I’ve been wrestling with this problem for a few years, I’m curious to see how Adaptive Blue‘s new Glue product tackles it. The problem focuses on how to adequately manage privacy concerns when user information is passively contributed to a community or social network.

In active contribution, it’s pretty straightforward. I may actively bookmark an article on delicious, actively share a post on friendfeed, actively add a connection on LinkedIn, actively post my whereabouts on Twitter. The systems have different privacy options (keep private, restrict to your connections, make public, etc), but since this functionality is often difficult to understand, and often keeps changing (along with privacy policies) the general rule of thumb seems to be to only actively post what you comfortable being public.

Passive contribution is more difficult. Facebook beacon passively tracked my Amazon purchases and Loki automatically broadcasts my location on my blog (see right panel). At Visible Path, we built an Outlook plug-in that automatically added connections to your network as you exchanged emails.

Almost all of the passive contribution systems have faced privacy backlash. Although actual privacy problems seem rare (we had one issue at Visible Path in my four years), the concerns get voiced in (often outlandish) ways that seems to stall adoption:

  • What if I buy a medicated cream on Amazon and it gets broadcast to my friends in my feed? (Facebook)
  • What if I trade emails with my mistress and she gets added and noticed by my wife? (Visible Path)
  • What if my abusive husband can track exactly where I am? (Loki)

Adaptive Blue’s new Glue service is a firefox plug-in that automatically shows me people in my network and the broader community who have viewed, commented on, or rated books, movies and other items across a broad network of sites.

The service could be extremely valuable to consumers, connecting people with interests in common.
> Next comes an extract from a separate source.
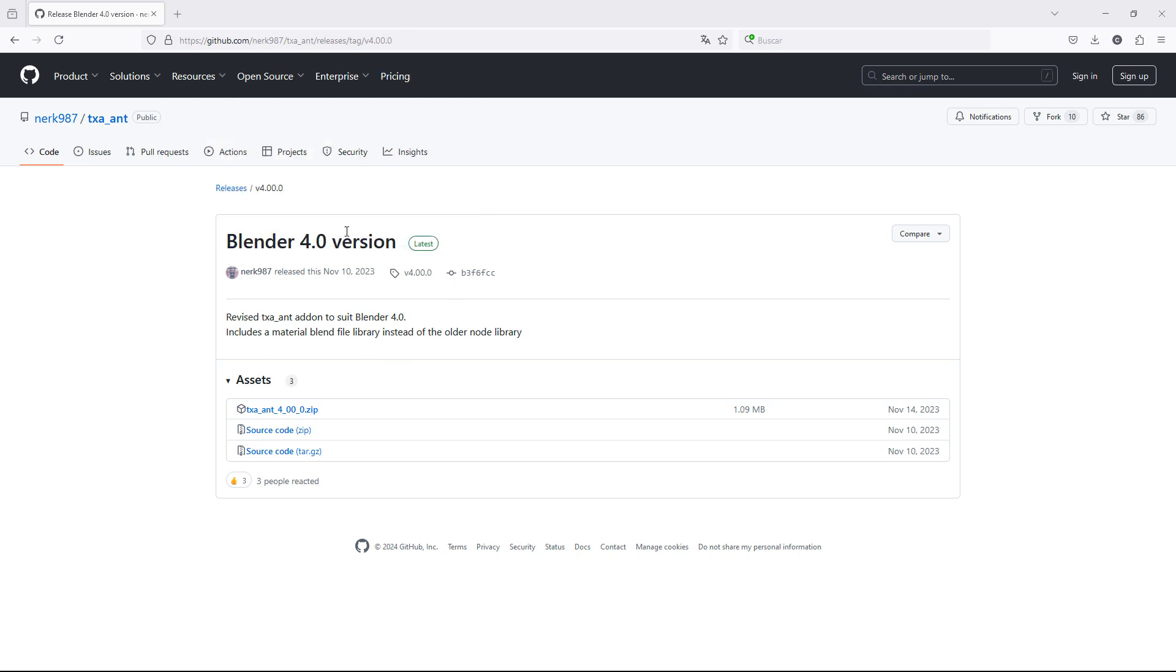First of all, we need the add-on TXALandscape. Just download the zip file and install it in Blender.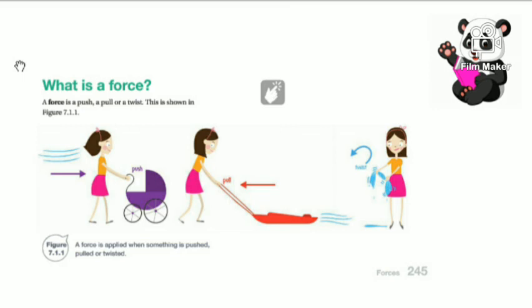As you can see in the first image, a girl is pushing a pram. A push makes an object move away from the applier of force — here the girl is the applier of force. In the second one, a girl is pulling. A pull causes an object to move closer to the direction of the force, meaning from where the force is applied, so the object moves closer to that person.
At the same time, the same issues arise, as users are connected around potentially sensitive books and topics.

Clutzr, BlogRovr, SocialBrowse, and Visible Path have all struggled with the pitfalls of passive contribution. I don’t have the data to back it up, but I suspect the privacy concerns limited the broad adoption of these services. I’ve tried all of them and ultimately uninstalled (except Visible Path!) them because of nagging privacy concerns.

The folks at Adaptive Blue are very smart. I’m looking forward to seeing if they’ve developed a new and clever way of handling this.